The impossibility to define a paradigm for complexity, and the consequent lack of general computing or description methodologies for the solution of complex problems in a certain field as a a consequence a great difficulty fomulation, description and solution of problems involving complex systems.
A methodology è la scientific procedure that allows for the classic problem-solving process:
definition theory/model
↓ ↕
problem →→→→→calculation/description→→→→→ solution
↑
data
In classical science, in what Weaver definines as problems of simplicity and problems of disorganized complexity, the problem is always well defined, the theory or model provides the methodology of calculation/description, and with this one can find the solution, not known. So of the three terms problem-calcolous/description-solution two are known (problem, computing/description) and one does not know the solution, and for this it is estimated/described. The whole procedure takes place in the presence of a paradigm, which provides both the definition of the problem, and what data need to know to solve it, with the theory/model for the solution of the problem. If the problem is at the physical level the presence of a formal theory (ie mathematics) allows the solution in the form of a number or a function. For higher levels, such as chemistry, biology etc. The solution is an acceptable and complete description within the paradigm that contains the problem. It is worth noting - among others - that only the presence of a shared paradigm can, for example, allow the well-known assessment of school students or the validity or less of scientific and academic careers.
Take for example a simple problems of simplicity known to any elementary student:
in a cubic tank of L side come in IN liters of water any second from a tap and come out OUT litters any second from an outlet: assumed that IN is greater than OUT after what time the water will reach the edge of the tub?
The theory that allows to do the simple calculation to find the solution is basic physics, and the calculation is made by a branch of mathematics called arithmetic, obtaining as a solution to the problem a number expressed in units of time.
Even in this elementary case is noteworthy that the involved assumptions are non-elementary, such the principle of conservation of energy (of the mass in this case) and the logical competence to perform arithmetic calculations, that is to know how to use the axioms (of Peano) e le rules of arithmetic.
For the problems of disorganized complexity applies the same methodology of solution, but passing from a paradigm, and then from a method, deterministic to a probabilistic one. For example, in the simple case of launching a coin if the question of the problem is placed in a deterministic way as "launching the coin will come out heads or tails?" the answer is impossible, while framed in terms of probability the problem is easily solved and the complete response is that the probability of output is exactly equal to 50% for both cases. In this case the solution is always expressed as a number or a function, as before, but expressed as a probability.

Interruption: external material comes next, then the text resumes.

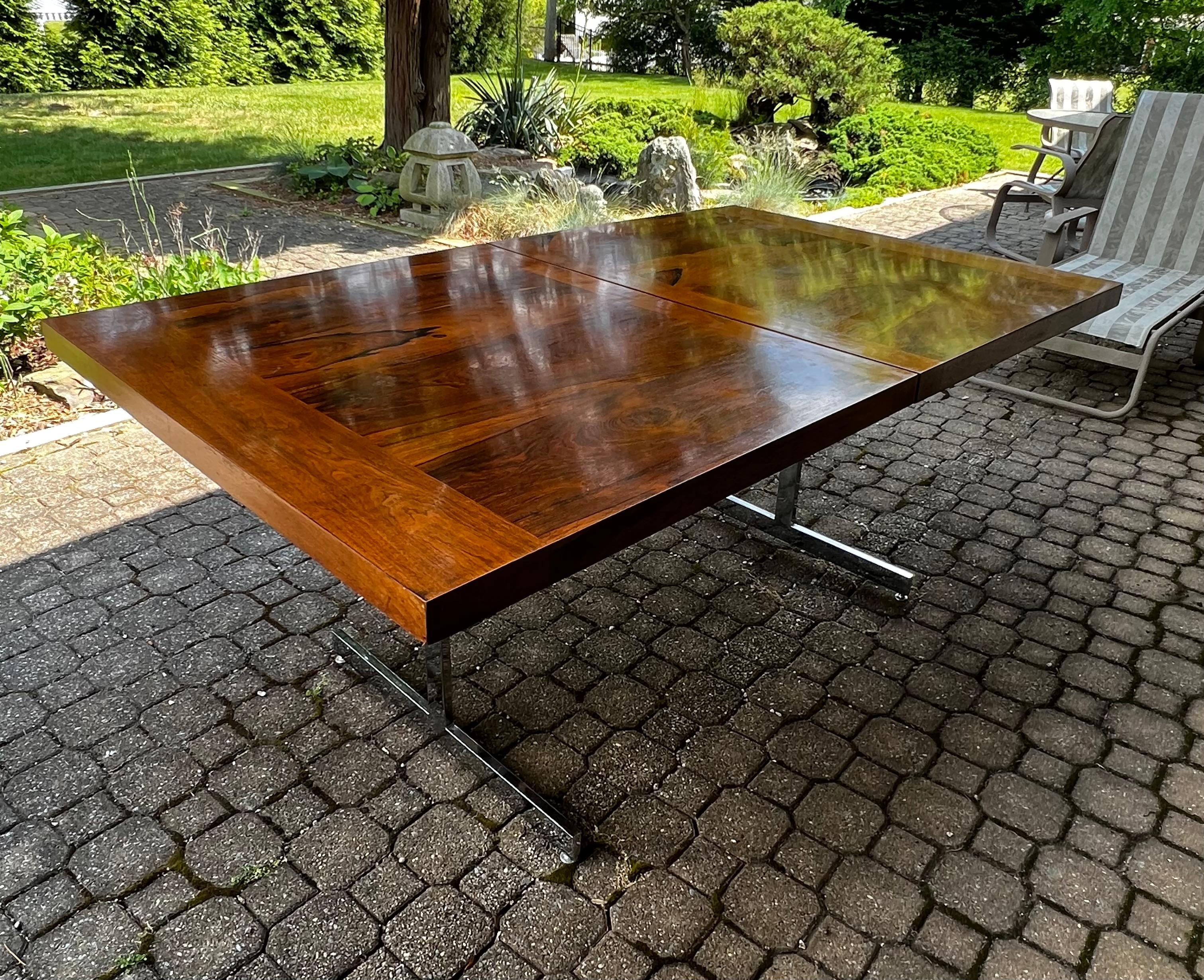 Stunning 1970s extension rosewood dining table with a chrome base attributed to Milo Baughman . 
Table is 42”x72”x29.5”H and has (2) 18” extensions, with both extensions are 42”x108”x29.5”H
This table is pure luxury !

Whole sectors very complex of science and its applications are exactly solvable in this way, as the statistical mechanics, that is the application of the probability theory to the termodynamics behavior of systems composed of a large number of elements, providing a model to link the properties of individual atoms and molecules to the macroscopic properties of the system composed by them, or the information theory, developed by Shannon with contributions of the same Weaver, which is the theoretical basis of description and implementation of any telecommunication system.

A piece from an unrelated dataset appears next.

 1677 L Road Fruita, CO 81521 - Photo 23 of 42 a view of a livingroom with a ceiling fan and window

Yet there is a bet that one can do with a good chance of victory: that launching one thousand balls below the middle box will fill most of those at the edges. We are setting off from the world of determinism, but tring one would see that actually, as the number of launches increases, the profile of the heights of the columns of balls are getting closer to a Gaussian.
This result is based on one of the most important theorems of probability theory, the Central Limit Theorem, which states that the sum of a very large number of indipendent random variables tends to standard normal distribution, that is a gaussian, and this is more true as larger is the number of balls.

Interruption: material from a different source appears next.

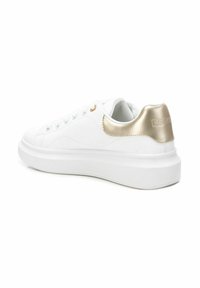 White sneakers with a smooth leather upper, gold metallic accents on the heel, and a thick white rubber sole. Features lacing with metal eyelets.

One can read the result in so many ways, attributing the cause to the different number of paths that lead to the individual boxes, or the "fraying" of the initial conditions along the paths. But in fact, we are facing a new phenomenon. We can not help but recognize that this is something different from the motion of a single ball; it is a collective effect, found only on repeated many launches, which requires the introduction of collective variables regulated by new laws of nature different from the deterministic laws of motion. They are the statistical laws, which by their nature apply only to systems composed of many elements. Laws in part linked to those of the motion of individual elements, but largely new and indipendent. Laws that allow no more sure forecasts, but probable.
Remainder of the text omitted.